Sorry but you are just posting generic 'the state is bad so everything it does is necessarily bad' tosh. The state decides general parameters - badly - and then uses the data to apply them. Refusing to take part will simply compound their failures and deliberate strategies. You are playing into their hands.
And it is not just 'the state' (which doesn't have an actual consciousness to decide these things) who offer these reasons, they are supported by workers in a vast range of industries.
Danny Dorling says:
Both the 1991 and 2001 census revealed that our admin records were including a million people who were not actually here anymore. The 2011 census found half a million extra people that were not here according to the official estimates. The census corrects and finds faults in admin records. Admin records are not a safe replacement for it.

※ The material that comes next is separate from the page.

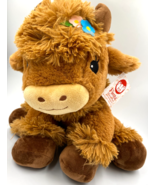 XLarge Duke & Daisy Highland Cow Plush Toy 14.5 inch DAISY Flowers NWT by Fiesta - $25.47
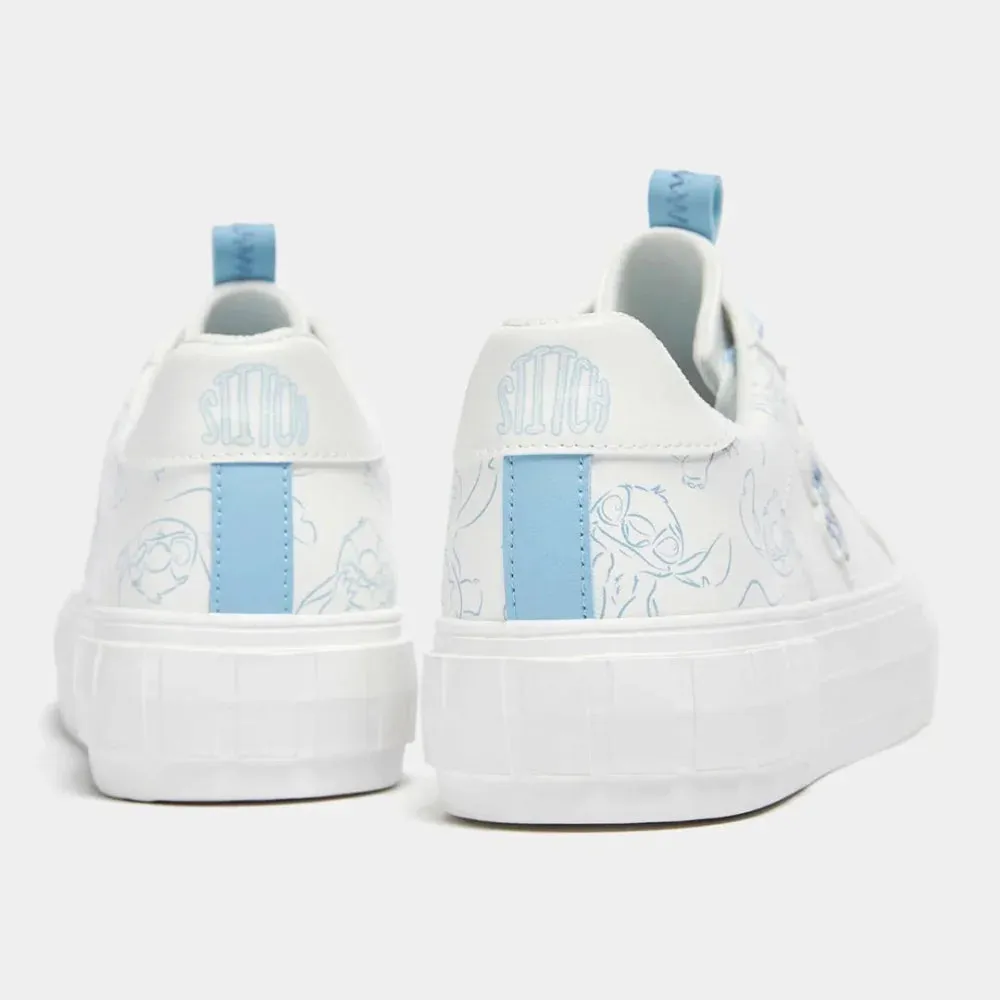 Sure! Heres a more optimized title for the product: 

Pull & Bear Womens Lilo & Stitch Sneakers - White & Blue

This format makes it clear that its a womens sneaker and specifies the color while maintaining the brand and design elements.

Censuses have always been used to address the key problems of the day. The 1911 census asked women how many of their babies had died. Infant mortality at the time took up to 1 in 10 of the richest of peoples’ new-born infants. The 1971 census asked for details about housing quality, hot running water and toilets. Slums were still being cleared then and the authorities needed to know what was left that was still in poor condition. The 2011 census asked, for the first time ever, how many bedrooms were in every home. It revealed that there were more bedrooms in central London than people. It showed us that we have enough bedrooms to go round, but that we are increasingly sharing out space badly. In short the 2011 census reveals that the rich have been taking too much of our most limited resource: space.